Segment Start: DATA EXTRACT

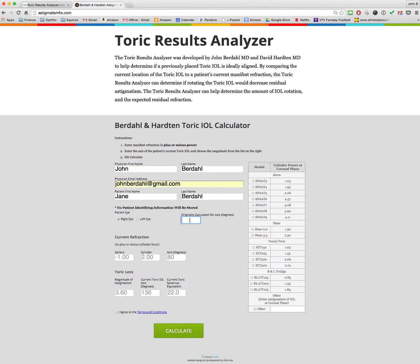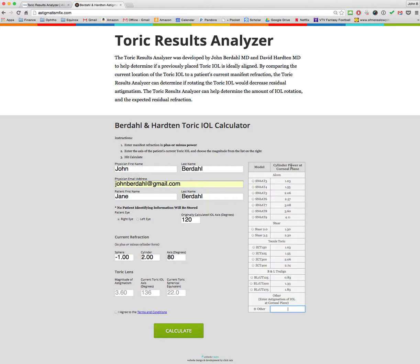In this case, we will choose 120 degrees and enter the manifest refraction. This can now be in plus or minus cylinder, and it will convert it for you. Here with the magnitude of astigmatism, you can enter any number you want in either box — that's particularly helpful for international colleagues. For those in the United States, all currently available toric lenses are listed by their cylinder power at the corneal plane, not the IOL plane power. For example, the SN6AT9 has 6.0 diopters of power at the IOL plane, but at the corneal plane it's only 4.11.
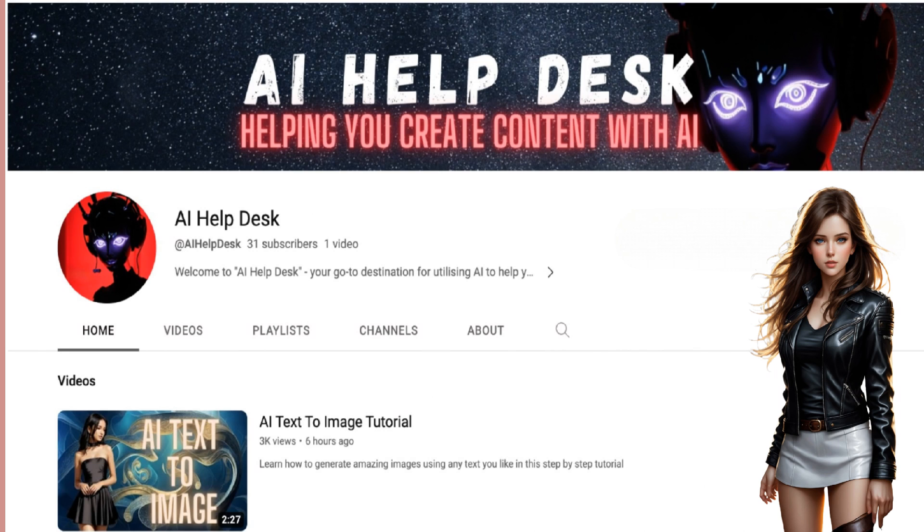Hi and welcome back to AI Helpdesk. In this video we are going to go step by step over how to create a voiceover for your content. At the end of this video we will share some additional tips and knowledge so be sure to stick around. Enjoy!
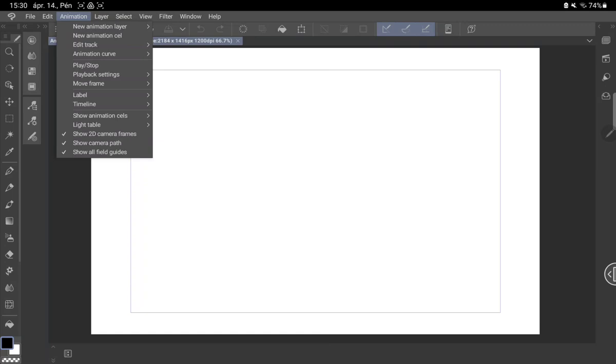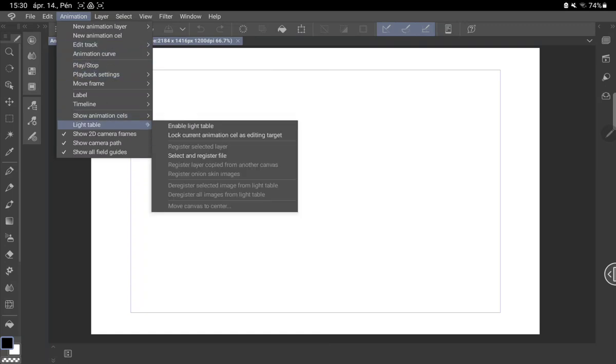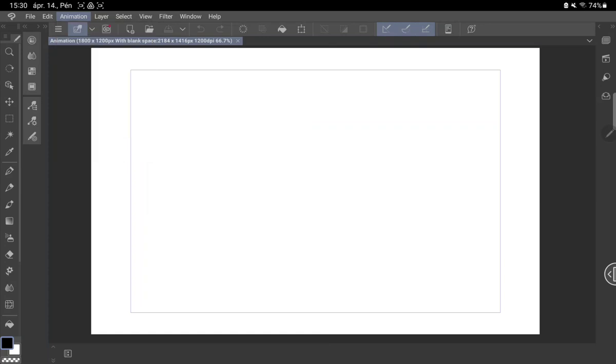And tap to the light table option and click to the enable light button.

Segment End: DATA EXTRACT

REQUIRED WORK
Produce the data again character for character, with the images left out.

SOLUTION FOR THIS TASK
In this case, we will choose 120 degrees and enter the manifest refraction. This can now be in plus or minus cylinder, and it will convert it for you. Here with the magnitude of astigmatism, you can enter any number you want in either box — that's particularly helpful for international colleagues. For those in the United States, all currently available toric lenses are listed by their cylinder power at the corneal plane, not the IOL plane power. For example, the SN6AT9 has 6.0 diopters of power at the IOL plane, but at the corneal plane it's only 4.11.
Hi and welcome back to AI Helpdesk. In this video we are going to go step by step over how to create a voiceover for your content. At the end of this video we will share some additional tips and knowledge so be sure to stick around. Enjoy!
And tap to the light table option and click to the enable light button.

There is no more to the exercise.